There is a term for a specific form of this affliction: environmental tourism. These are locations where communities and companies celebrate their industry’s history and technology and promote self-motivation and high safety standards. Like a forbidden fruit that should not be enjoyed, these are symbols of society’s growth over time. These are sites and destinations where a particular type of expertise from the past, present or future is showcased to the public. These include industrial heritage tourism, companies that open their doors to visitors to highlight their technology and methods or scientific tourism.
These destinations that celebrate sites such as cosmetic plants, breweries, bullet trains and underground salt mines are all over the world: France, Germany, the Philippines and Poland. In the United States, consider the Ford’s assembly plant in Detroit, the Naval Yard in Brooklyn or Virginia’s Belle Isle, or the numerous oil and gas fields and mine sites throughout the country.

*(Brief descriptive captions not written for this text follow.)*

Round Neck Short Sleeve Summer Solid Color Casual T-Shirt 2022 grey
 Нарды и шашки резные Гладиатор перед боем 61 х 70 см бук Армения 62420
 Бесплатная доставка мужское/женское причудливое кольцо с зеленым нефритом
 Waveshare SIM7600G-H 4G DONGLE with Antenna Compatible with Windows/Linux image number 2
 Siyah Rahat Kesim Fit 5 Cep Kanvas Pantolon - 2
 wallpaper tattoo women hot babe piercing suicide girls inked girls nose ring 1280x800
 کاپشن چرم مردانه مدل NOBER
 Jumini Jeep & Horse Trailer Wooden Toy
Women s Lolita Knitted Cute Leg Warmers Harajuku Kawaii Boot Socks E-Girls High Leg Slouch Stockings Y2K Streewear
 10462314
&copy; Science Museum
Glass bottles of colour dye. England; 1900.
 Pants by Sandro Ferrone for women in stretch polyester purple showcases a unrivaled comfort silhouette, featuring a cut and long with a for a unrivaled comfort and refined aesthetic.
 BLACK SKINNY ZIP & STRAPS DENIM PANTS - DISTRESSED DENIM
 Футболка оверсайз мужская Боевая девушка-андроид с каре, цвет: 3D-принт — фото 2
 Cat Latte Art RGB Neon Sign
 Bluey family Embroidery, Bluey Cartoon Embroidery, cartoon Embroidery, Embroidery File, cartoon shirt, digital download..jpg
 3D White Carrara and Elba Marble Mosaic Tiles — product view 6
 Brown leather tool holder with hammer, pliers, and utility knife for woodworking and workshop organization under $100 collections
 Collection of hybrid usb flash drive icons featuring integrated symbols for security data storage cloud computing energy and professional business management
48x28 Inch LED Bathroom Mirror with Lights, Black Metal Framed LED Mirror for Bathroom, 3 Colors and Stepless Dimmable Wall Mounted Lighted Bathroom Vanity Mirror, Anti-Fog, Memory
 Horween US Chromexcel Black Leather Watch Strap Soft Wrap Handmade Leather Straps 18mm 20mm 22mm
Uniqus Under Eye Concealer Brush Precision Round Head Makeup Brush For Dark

I live in such an area: the Mother Lode, an area whose natural landscape was devastated by hydraulic mining while providing a venue for unsurpassed growth and development of a new land.
From an oil and gas perspective, think of the THUMS Islands off Long Beach, Calif., the Drake’s Well Museum and Park in Titusville, Pa., and the numerous oil and gas museums and fields throughout the country. And note that the more successful we are in the development of a field, urban encroachment and infrastructure pressures follow. Being involved and engaged with the history of our industry and profession and promoting public outreach, introduced me to concepts like sustainability and environmental stewardship for the industries that have provided a quality of life and societal benefits historically unsurpassed.
Rethink Your Self-definition
Why DEG membership is reflective of a small sector of the AAPG family in my humble view is simply a matter of how we define ourselves. We are all environmental stewards, and as you attend the various meetings and conventions and take notice of the many topics dealing with environmental issues in the petroleum industry – induced seismicity, underground injection, waste water management, soil and groundwater contamination assessment and mitigation, well integrity, abandoned oil and gas wells, climate change, fugitive emissions and carbon capture, storage and utilization – consider being a part of DEG. If you think you are not an environmental geologist, maybe you should think again. If you are not a member of DEG, maybe you should be. If Charles were alive today, I suspect he would be.